Joseph Alois Schumpeter alludes to the “process of industrial mutation that incessantly revolutionizes the economic structure from within, destroying the old and creating new ones”.
Joseph Alois Schumpeter, said that entrepreneurship is the ability to act in order to take advantage of the opportunities created by innovation and new discoveries.
Creative destruction is the continuous process of generating changes in technology and business models that make obsolete the skills that have made successful organizations.
An good example of this transformation is found in the photographic industry:
At his best the company Kodak employed 145,300 people around the world.
Kodak was the creator of the digital camera, however, decided to keep and continue to use the old methods and old technologies.
A few years later, a company called Instagram emerges and creates an App through which digital photos could be exchanged. Only 15 people worked at Instagram and a few years later it was bought by Facebook for one billion dollars.
At the end of 2012 Kodak was declared bankrupt.

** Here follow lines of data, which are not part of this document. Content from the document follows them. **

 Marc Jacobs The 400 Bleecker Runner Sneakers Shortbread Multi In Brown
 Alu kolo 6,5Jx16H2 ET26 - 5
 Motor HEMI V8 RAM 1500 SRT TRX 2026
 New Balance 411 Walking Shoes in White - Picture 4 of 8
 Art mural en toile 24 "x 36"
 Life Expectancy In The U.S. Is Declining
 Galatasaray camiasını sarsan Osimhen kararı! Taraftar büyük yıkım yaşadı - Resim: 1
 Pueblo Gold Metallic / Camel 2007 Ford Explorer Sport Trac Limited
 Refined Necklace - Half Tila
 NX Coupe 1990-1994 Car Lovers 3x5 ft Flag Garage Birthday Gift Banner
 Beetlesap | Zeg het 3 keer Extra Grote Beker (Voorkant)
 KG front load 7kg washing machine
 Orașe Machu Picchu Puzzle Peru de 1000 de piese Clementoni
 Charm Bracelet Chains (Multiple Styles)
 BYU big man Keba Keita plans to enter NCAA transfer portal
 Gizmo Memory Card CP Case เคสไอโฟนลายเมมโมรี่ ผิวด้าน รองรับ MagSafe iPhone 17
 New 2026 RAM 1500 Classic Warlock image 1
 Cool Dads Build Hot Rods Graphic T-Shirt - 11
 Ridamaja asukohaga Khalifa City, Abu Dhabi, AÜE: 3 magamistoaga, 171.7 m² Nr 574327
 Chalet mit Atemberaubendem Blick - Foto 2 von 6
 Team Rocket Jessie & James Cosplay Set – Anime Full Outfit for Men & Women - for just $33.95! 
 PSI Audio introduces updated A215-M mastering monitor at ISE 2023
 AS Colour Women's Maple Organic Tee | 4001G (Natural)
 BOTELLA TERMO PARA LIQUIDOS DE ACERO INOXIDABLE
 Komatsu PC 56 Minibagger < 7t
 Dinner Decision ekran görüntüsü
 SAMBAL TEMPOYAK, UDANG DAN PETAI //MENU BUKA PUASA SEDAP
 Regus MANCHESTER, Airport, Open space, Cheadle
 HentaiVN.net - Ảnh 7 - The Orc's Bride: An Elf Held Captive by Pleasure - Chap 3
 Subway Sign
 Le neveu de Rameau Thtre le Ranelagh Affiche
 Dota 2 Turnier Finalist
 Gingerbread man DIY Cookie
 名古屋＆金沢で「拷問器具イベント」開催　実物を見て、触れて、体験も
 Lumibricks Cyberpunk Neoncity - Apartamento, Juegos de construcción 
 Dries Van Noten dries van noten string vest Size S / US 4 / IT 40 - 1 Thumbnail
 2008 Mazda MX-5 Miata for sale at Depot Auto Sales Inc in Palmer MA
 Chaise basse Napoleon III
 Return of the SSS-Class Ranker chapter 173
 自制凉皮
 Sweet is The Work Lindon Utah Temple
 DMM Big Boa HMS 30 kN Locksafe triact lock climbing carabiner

The great contribution of Joseph Schumpeter was to refine the idea that capitalism is like war, in the sense of proposing the theory of creative destruction.
Joseph Alois Schumpeter maybe put too much emphasis on the fact that the competition destroys existing production structures in order to replace them with innovative structures and he did not know how to underline the positive aspects of innovation, which may arise without necessarily destroying the ability to make a living, of those used to the old way of doing things if they show adaptability to changes.
However, it has a dark side: the social cost that this process produces on the people affected.
If enough alternatives for change are not open, not only will fail the economy, but markets, organizations and individuals will also fail. There are only two choices: to keep playing or to be erased.
Joseph Alois Schumpeter concludes that competitive advantages are always in the process of becoming obsolete as technologies change, because the consumer’s likes and environment conditions also change.